Not only did he find the turtle, but it was casually swimming there next to him! They weren’t alone for long, other snorkelers found out about the turtle and quickly came over to see it. Matt was lucky to have a few moments alone before everyone came rushing. He came back to the boat with a huge grin on his face and told me he had the best time ever. A sea turtle was on his bucket list of things to see at the Great Barrier Reef and he couldn’t stop talking about the experience. The video, if you haven’t already seen it, can be found here on our Twitter page.

Just Keep Swimming, Swimming, Swimming

The rest of the afternoon was spent swimming. We were taken to another location near the beautiful, breathtaking Fitzroy Island, but you had to pay an additional fee to dive again, so we opted to snorkel. I was getting pretty tired and took a noodle with me, which made looking for fish much more relaxing. We saw a sting ray, hiding between some rocks! I made sure both Matt and I kept a safe distance in case it decided to swim away unexpectedly, but it remained in the same spot while we were snorkelling.

We must have been out there for close to two hours. Matt and I had a laugh at the different coloured fish, and took turns diving underwater to get some photos. Like the dive experience, I felt comfortable and could have spent the evening in the water.

Sea of Smiling Faces

Unfortunately, it was time to get out of the water and head back to land. I’d almost gotten over my seasickness from the morning, and was nervous about the boat heading back to land. The water was much calmer now though, and we decided to stand on the bow to catch the salt air.
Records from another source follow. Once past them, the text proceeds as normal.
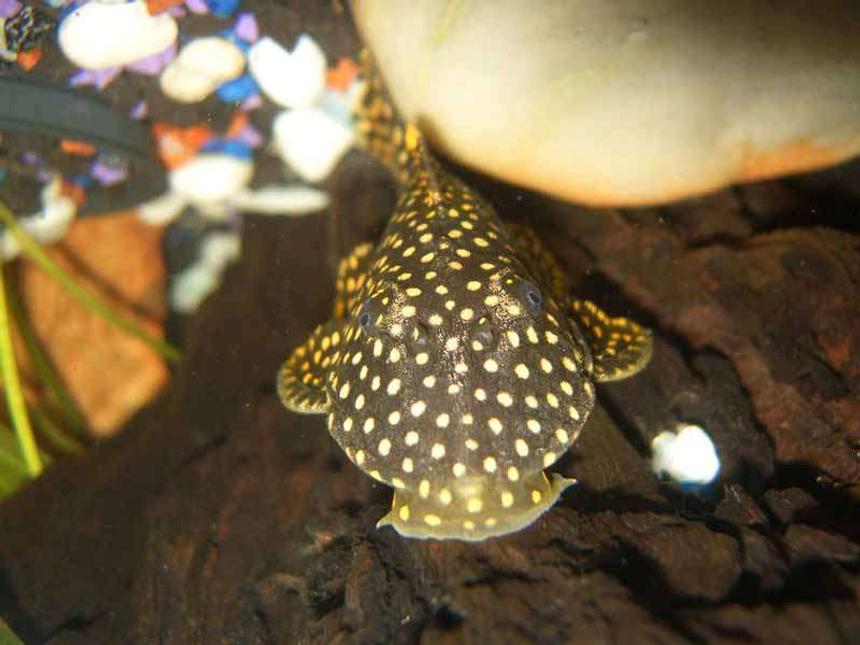 Rated #14: Freshwater Fish - Baryancistrus Sp. - Gold Nugget Pleco (l-18) Stocking In 20 Gallons Tank - Gold nugget pleco. "L177" My Little goldy
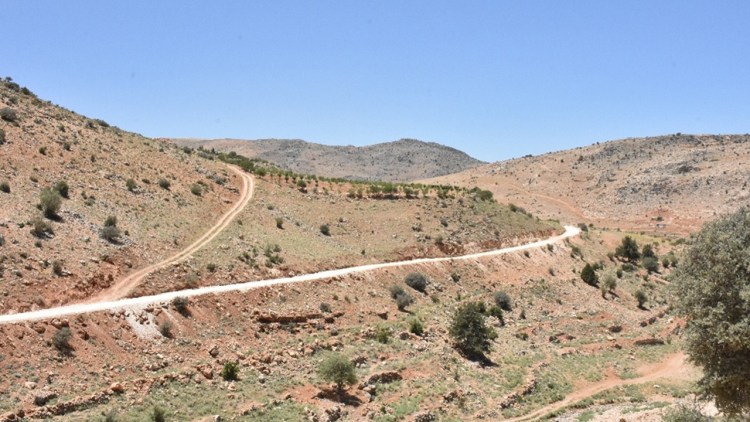 Road to Resilience in Lebanon: Transforming Arsal’s Agricultural Landscape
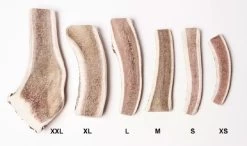 Evident Bois De Cerf Tranché L -Animaux Séries Magasin bois de cerf tranch evident 2 2 1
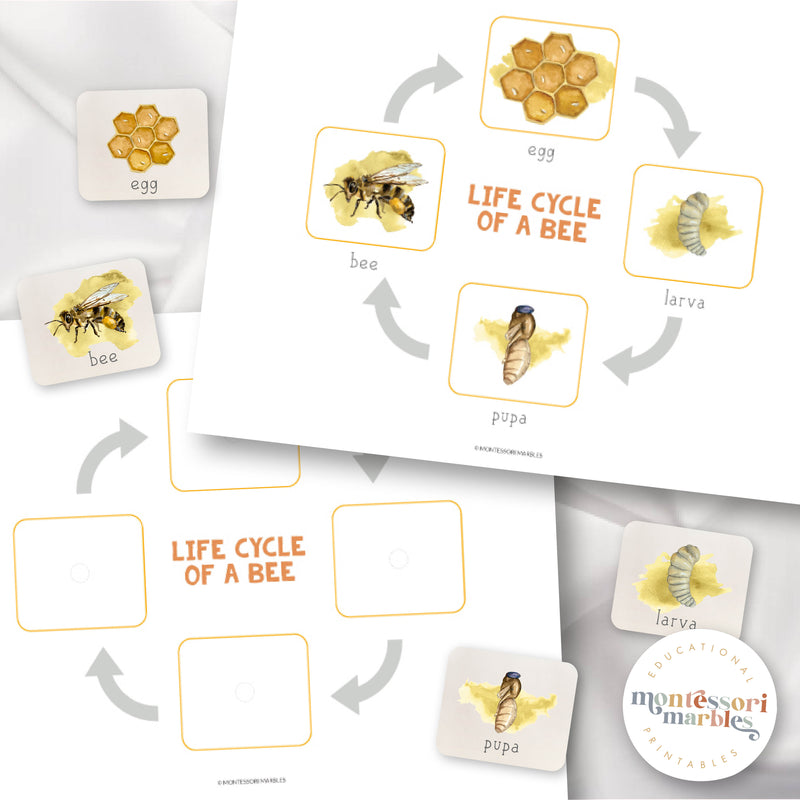 Bee Life Cycle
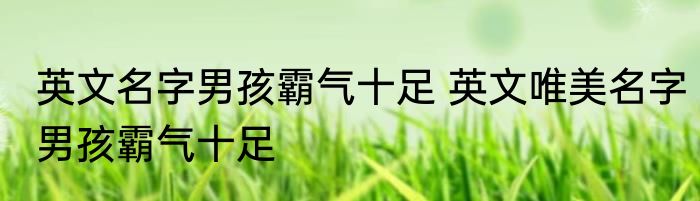英文名字男孩霸气十足 英文唯美名字男孩霸气十足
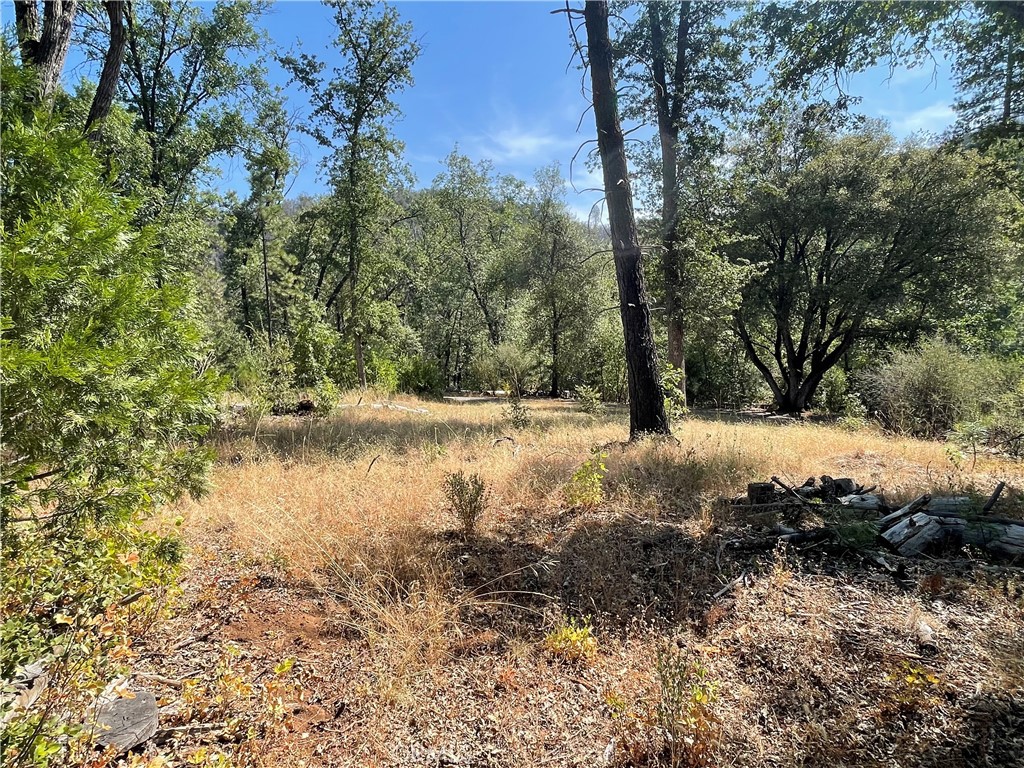 6246 Highway 140, Midpines, CA 95345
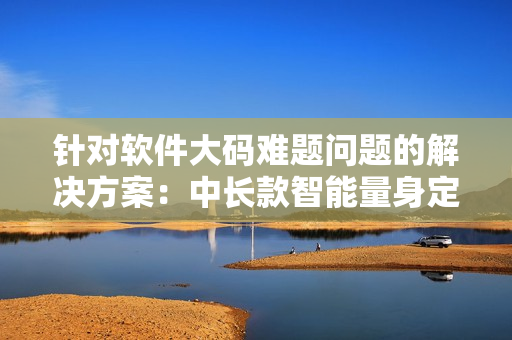 针对软件大码难题问题的解决方案：中长款智能量身定制连衣裙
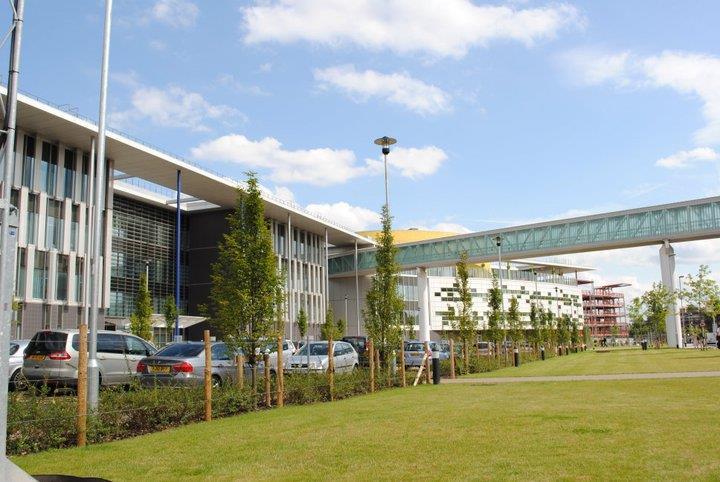 Largest trust overhauls procurement practices after HSJ probe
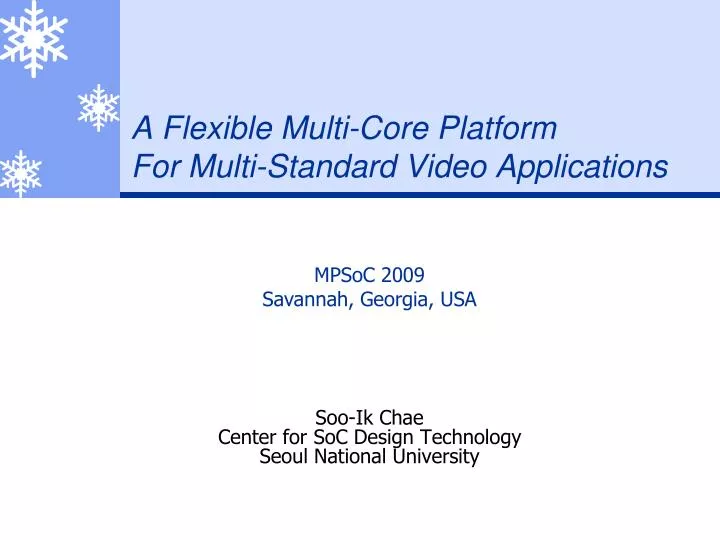 a flexible multi core platform for multi standard video applications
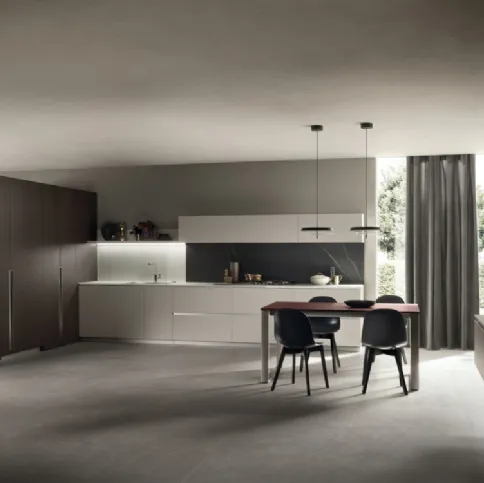 Cucina Moderna DeLinea in laccato Grigio Chiaro e Rovere Grafite di Scavolini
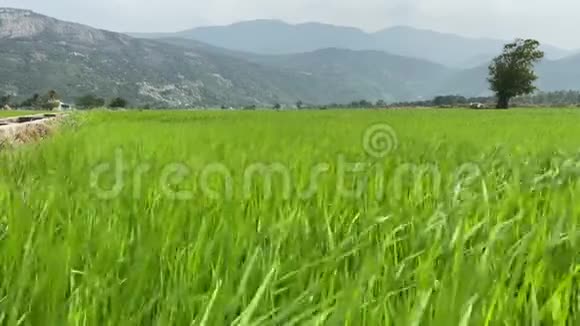 稻青茎随风摇摆山地稻田视频的预览图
Everyone was in good spirits, as we’d had a full on day out at sea. We were exchanging stories of our dives, what we saw in the water and if we’d do it again. Turns out, a few people saw a reef shark on the Fitzroy Island snorkel! It was a few feet long, but didn’t take any notice to the people swimming above it. While I was jealous for only a second, I’m glad I didn’t see the shark. I might have freaked out just a tad…

The crew had us sit down, and offered hot tea, biscuits and fresh fruit. I didn’t realise how hungry I was until the food was on a plate and in my lap, there one second and gone the next. Luke called everyone to attention and gave a wonderful speech, thanking us for choosing Cairns Dive Centre. He then began calling out our names, and gave us a certificate, congratulating us one by one on our first ever dive!


A Return To The Sea

I would absolutely choose to scuba dive again! The nerves I felt going into this experience were silly and wasted because it was such a fun day.

I’d like to take this opportunity to thank Cairns Dive Centre! Every member of staff we came across was kind, patient and friendly. There was no question too silly, you made us all laugh and feel very safe in a new environment. Our scuba dive was something I will never forget, and I highly recommend the experience with this company to any first time diver. You guys are the best!

— Ally

5 thoughts on “Under The Sea

Add yours

  1. You are emptying your bucket list pretty fast guys!! Well done!! Your scuba dive sounded sharkless/amazing (although I probably wouldn’t do it – not a strong enough swimmer), but snorkeling is a wonderful experience. And to swim with turtles? Outstanding. 👍


  2. Love this post!! Your underwater pictures are so epic 🙂 I went scuba diving in Koh Tao but we didn’t get certified and I’m really bummed we didn’t. Going to have to make another trip!!!

    Liked by 1 person

    1. Thank you so much! Some were taken by a professional diver and his underwater camera, and others from my iPhone in an underwater camera case. What was your dive at Koh Tao like? We didn’t get certified either, but are looking into it. It’s a whole other world down there and I’m keen to explore!